[Opening EXERCISE INPUT section]

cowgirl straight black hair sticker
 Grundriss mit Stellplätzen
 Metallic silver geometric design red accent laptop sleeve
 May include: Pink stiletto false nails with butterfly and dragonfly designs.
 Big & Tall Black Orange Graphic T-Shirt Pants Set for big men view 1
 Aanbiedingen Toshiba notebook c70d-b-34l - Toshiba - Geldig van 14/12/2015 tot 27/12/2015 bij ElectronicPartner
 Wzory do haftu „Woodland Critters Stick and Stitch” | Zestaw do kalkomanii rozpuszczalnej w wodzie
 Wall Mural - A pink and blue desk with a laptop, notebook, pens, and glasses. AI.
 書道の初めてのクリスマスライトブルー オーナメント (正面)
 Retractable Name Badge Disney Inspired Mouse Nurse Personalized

[Closing EXERCISE INPUT section]

EXERCISE DETAILS → Write out, word for word, every line from the one containing "Wzory do haftu" through the last line of the records above.

RESPONSE →
 Wzory do haftu „Woodland Critters Stick and Stitch” | Zestaw do kalkomanii rozpuszczalnej w wodzie
 Wall Mural - A pink and blue desk with a laptop, notebook, pens, and glasses. AI.
 書道の初めてのクリスマスライトブルー オーナメント (正面)
 Retractable Name Badge Disney Inspired Mouse Nurse Personalized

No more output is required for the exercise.